Assignment – Start at the line below containing "Natsu Dragneel" and stop at the line containing "Vanguards ford lotus". Repeat every line of that stretch exactly, and nothing outside it.

[Records from a collection]
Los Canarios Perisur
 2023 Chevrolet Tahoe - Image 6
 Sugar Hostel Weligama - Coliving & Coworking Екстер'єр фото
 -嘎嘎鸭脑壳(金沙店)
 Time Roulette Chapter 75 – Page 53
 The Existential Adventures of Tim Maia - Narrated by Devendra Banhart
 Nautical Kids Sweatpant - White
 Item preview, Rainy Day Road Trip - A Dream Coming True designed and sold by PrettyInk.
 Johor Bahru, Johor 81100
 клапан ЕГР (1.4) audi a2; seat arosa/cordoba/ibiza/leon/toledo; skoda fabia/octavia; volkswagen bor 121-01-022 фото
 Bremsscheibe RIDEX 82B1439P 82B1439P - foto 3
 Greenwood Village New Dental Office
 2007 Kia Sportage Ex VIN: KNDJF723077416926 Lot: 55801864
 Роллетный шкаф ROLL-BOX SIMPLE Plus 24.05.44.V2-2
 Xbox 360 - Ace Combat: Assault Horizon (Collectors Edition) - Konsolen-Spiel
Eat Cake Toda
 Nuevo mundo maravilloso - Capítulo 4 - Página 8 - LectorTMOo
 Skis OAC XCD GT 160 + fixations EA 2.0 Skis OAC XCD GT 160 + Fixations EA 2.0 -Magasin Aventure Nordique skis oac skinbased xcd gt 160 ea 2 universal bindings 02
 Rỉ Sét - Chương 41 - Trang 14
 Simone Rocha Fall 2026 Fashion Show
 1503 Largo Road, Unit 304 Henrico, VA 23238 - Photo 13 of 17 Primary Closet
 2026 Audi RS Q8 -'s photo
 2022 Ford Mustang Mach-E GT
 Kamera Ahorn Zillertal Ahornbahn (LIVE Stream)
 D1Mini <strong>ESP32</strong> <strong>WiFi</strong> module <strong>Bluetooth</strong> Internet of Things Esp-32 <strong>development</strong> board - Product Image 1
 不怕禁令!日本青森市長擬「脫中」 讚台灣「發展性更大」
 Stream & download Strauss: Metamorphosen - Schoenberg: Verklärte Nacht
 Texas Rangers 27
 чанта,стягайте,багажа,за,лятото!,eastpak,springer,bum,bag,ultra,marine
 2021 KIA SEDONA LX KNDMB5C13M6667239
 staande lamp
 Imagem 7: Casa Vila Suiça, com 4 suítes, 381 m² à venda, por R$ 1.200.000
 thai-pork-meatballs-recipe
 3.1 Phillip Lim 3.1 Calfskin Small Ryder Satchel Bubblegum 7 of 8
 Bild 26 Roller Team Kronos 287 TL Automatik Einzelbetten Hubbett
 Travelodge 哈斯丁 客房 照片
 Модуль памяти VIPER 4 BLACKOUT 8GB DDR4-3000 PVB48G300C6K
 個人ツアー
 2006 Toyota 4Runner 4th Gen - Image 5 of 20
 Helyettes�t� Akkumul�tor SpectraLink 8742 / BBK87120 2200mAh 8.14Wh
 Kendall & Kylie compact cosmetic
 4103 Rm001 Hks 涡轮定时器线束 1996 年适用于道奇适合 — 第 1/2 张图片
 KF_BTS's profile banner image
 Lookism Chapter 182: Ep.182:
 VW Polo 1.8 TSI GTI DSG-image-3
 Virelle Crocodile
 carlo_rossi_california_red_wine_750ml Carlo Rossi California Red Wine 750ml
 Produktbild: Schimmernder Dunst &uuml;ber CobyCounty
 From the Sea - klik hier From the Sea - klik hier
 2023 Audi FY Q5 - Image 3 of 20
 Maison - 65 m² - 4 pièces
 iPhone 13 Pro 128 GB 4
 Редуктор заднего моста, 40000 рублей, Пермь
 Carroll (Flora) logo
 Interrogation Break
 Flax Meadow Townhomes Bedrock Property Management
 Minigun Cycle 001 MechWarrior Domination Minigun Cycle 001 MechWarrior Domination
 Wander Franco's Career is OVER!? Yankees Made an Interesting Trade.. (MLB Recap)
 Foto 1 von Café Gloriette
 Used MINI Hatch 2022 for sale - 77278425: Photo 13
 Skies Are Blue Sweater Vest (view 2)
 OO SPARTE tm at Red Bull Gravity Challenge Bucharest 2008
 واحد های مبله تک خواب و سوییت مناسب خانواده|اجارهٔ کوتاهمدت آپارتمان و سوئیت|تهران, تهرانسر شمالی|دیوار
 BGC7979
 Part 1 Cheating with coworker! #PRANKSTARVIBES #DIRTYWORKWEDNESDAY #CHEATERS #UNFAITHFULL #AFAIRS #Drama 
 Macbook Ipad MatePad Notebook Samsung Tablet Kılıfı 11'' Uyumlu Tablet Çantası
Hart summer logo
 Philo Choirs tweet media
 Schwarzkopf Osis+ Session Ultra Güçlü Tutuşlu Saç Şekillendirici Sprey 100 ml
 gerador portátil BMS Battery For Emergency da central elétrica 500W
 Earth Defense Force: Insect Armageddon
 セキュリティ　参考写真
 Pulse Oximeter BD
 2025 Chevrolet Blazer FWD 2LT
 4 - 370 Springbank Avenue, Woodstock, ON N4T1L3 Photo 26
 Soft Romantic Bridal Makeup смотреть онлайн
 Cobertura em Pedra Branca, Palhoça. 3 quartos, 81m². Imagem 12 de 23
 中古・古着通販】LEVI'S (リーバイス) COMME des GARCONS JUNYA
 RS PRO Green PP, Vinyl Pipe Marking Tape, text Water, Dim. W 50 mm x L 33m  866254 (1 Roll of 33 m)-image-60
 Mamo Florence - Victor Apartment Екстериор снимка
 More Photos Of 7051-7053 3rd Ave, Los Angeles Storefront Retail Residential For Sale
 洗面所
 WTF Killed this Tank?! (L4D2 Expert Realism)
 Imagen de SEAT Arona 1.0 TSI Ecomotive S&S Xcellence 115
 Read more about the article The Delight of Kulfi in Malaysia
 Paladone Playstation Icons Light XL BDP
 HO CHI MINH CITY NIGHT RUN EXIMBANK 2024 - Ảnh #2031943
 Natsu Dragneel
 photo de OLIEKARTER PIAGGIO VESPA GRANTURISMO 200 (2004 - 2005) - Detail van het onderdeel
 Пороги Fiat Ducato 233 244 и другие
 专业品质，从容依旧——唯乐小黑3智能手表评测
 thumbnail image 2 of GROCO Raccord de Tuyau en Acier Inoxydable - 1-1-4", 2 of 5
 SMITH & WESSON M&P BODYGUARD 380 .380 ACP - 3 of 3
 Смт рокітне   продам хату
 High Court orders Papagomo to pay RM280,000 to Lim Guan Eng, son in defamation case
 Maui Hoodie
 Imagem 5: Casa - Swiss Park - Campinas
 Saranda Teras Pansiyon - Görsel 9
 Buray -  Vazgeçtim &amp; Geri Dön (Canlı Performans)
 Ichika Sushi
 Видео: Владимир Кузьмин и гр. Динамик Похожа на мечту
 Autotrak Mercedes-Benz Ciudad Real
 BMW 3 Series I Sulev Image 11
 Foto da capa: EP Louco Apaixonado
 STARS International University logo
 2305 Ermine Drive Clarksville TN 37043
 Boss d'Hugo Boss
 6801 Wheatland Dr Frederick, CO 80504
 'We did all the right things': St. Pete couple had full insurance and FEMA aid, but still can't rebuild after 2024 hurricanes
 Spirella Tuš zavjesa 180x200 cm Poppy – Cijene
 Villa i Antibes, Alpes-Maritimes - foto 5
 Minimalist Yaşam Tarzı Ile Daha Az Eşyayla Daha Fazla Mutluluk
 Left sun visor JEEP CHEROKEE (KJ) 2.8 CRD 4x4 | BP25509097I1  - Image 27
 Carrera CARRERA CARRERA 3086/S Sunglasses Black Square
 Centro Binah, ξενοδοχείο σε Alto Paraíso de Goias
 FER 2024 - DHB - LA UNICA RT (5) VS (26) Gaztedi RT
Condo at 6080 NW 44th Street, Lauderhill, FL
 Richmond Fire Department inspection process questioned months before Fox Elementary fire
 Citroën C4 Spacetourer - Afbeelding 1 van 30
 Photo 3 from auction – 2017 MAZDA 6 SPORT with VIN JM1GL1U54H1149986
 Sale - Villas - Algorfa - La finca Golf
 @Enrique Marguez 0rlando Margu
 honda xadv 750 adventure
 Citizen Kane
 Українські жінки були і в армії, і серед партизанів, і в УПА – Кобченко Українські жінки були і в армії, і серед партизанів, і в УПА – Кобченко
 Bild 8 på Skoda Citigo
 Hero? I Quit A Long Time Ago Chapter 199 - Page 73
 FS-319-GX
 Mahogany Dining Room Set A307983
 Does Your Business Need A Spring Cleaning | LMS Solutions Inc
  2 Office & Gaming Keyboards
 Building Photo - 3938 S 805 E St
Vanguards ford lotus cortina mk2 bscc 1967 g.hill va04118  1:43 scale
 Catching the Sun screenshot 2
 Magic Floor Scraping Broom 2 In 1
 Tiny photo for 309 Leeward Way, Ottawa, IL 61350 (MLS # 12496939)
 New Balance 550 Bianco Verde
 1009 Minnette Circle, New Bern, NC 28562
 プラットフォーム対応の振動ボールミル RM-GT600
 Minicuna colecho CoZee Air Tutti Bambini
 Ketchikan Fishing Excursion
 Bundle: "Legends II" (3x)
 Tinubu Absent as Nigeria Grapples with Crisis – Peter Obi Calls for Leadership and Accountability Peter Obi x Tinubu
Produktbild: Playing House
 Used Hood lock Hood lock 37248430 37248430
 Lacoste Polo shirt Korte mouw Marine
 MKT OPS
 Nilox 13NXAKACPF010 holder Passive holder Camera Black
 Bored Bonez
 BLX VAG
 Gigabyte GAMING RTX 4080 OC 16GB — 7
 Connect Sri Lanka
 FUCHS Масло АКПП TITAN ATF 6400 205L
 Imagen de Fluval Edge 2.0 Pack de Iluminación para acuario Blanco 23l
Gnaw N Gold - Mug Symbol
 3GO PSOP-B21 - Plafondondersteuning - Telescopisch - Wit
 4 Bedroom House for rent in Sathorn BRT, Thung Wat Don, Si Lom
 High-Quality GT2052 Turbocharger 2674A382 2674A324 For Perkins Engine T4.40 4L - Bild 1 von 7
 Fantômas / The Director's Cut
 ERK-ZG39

Solved problem –
 Natsu Dragneel
 photo de OLIEKARTER PIAGGIO VESPA GRANTURISMO 200 (2004 - 2005) - Detail van het onderdeel
 Пороги Fiat Ducato 233 244 и другие
 专业品质，从容依旧——唯乐小黑3智能手表评测
 thumbnail image 2 of GROCO Raccord de Tuyau en Acier Inoxydable - 1-1-4", 2 of 5
 SMITH & WESSON M&P BODYGUARD 380 .380 ACP - 3 of 3
 Смт рокітне   продам хату
 High Court orders Papagomo to pay RM280,000 to Lim Guan Eng, son in defamation case
 Maui Hoodie
 Imagem 5: Casa - Swiss Park - Campinas
 Saranda Teras Pansiyon - Görsel 9
 Buray -  Vazgeçtim &amp; Geri Dön (Canlı Performans)
 Ichika Sushi
 Видео: Владимир Кузьмин и гр. Динамик Похожа на мечту
 Autotrak Mercedes-Benz Ciudad Real
 BMW 3 Series I Sulev Image 11
 Foto da capa: EP Louco Apaixonado
 STARS International University logo
 2305 Ermine Drive Clarksville TN 37043
 Boss d'Hugo Boss
 6801 Wheatland Dr Frederick, CO 80504
 'We did all the right things': St. Pete couple had full insurance and FEMA aid, but still can't rebuild after 2024 hurricanes
 Spirella Tuš zavjesa 180x200 cm Poppy – Cijene
 Villa i Antibes, Alpes-Maritimes - foto 5
 Minimalist Yaşam Tarzı Ile Daha Az Eşyayla Daha Fazla Mutluluk
 Left sun visor JEEP CHEROKEE (KJ) 2.8 CRD 4x4 | BP25509097I1  - Image 27
 Carrera CARRERA CARRERA 3086/S Sunglasses Black Square
 Centro Binah, ξενοδοχείο σε Alto Paraíso de Goias
 FER 2024 - DHB - LA UNICA RT (5) VS (26) Gaztedi RT
Condo at 6080 NW 44th Street, Lauderhill, FL
 Richmond Fire Department inspection process questioned months before Fox Elementary fire
 Citroën C4 Spacetourer - Afbeelding 1 van 30
 Photo 3 from auction – 2017 MAZDA 6 SPORT with VIN JM1GL1U54H1149986
 Sale - Villas - Algorfa - La finca Golf
 @Enrique Marguez 0rlando Margu
 honda xadv 750 adventure
 Citizen Kane
 Українські жінки були і в армії, і серед партизанів, і в УПА – Кобченко Українські жінки були і в армії, і серед партизанів, і в УПА – Кобченко
 Bild 8 på Skoda Citigo
 Hero? I Quit A Long Time Ago Chapter 199 - Page 73
 FS-319-GX
 Mahogany Dining Room Set A307983
 Does Your Business Need A Spring Cleaning | LMS Solutions Inc
  2 Office & Gaming Keyboards
 Building Photo - 3938 S 805 E St
Vanguards ford lotus cortina mk2 bscc 1967 g.hill va04118  1:43 scale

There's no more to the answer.